The Wird (Access)

The spiritual meeting opens with a collective recitation, in a loud and rhythmic voice, of the wird, sometimes called hizb or wazīfah, which is the litany proper to the brotherhood. Made up essentially of a series of formulas taken from the Quran which individually are repeated a certain number of times - 3, 7, 10, 29, 33, 100, or 1000 times - the wird represents a symbol for the fuqarā' of their connection with the initiatic chain (silsilah) going back to the Prophet, with the master who brought them into the tarīqah being the most recent link. To recite the wird is, in a sense, to renew the pact made with the shaykh, with the Prophet, and with God Himself. And it is also, symbolically at least, to traverse the entire distance of the spiritual path, the order in which the formulas are arranged having been conceived to retrace the principal steps to the approach toward God.

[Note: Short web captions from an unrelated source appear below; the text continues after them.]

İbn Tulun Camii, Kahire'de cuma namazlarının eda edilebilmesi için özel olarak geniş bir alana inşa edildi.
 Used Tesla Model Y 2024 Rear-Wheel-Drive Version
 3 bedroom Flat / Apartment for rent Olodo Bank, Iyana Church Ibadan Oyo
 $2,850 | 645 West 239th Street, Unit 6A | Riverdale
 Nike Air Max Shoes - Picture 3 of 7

Thus, the wird of the Qadiriyyah, the first to be recorded from the great Sufi orders, founded in the sixth/ twelfth century by 'Abd al-Qādīr al-Jilani, like that of the Shāhiliyyah (seventh/ thirteenth century), always includes at least one hundred repetitions of the following formulas:

(1) the plea for forgiveness (istighfār), (2) the prayer upon the Prophet (Salāt 'ala'l-nabī), (3) the testimony of faith (Shahādah or haylalah). 21 These formulas correspond to fundamental spiritual attitudes which each aspirant to the mystical life must assimilate: (1) the station of fear of God (makhāfah), which implies repentance (tawbah) and renunciation of worldly pleasures (zuhd); (2) the station of love (mahabbah) which implies patience (sabr) and generosity (karam), qualities that were united in an exemplary fashion in the person of Prophet Mustafa (Allah bless him and give him peace); and (3) the station of gnosis (ma'rifah), that is, of discernment (furqān) and of concentration on the Divine Presence (muhāarah).

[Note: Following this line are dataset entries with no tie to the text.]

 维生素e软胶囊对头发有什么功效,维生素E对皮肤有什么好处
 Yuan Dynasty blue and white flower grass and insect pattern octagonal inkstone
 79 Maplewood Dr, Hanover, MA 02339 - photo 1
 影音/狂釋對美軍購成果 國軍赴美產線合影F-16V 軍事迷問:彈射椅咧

The Sufis also establish a concordance among these three formulas and the three stages of religion (al-dīn) mentioned in the hadith called "from Gabriel": the stage of islām`, which engages the external faculties (jawārih) and consists in carrying out the prescriptions of the religious Law (Sharī'ah) and in abstaining from that which it forbids; the stage of imān, which gives access to the internal faculties (bawātin), which asks for progress along the mystical path (tarīqah) and the total giving of oneself; and, finally, the stage of ihsān, wherein the Divine Light penetrates and illuminates the innermost souls of beings (sarā' ir), becoming the place where total Reality (Haqīqah) is unveiled. The first stage is that of the common people, the second that of the elite, the third that of the elect among the elite, the gnostics who have "attained" God (wźilūn).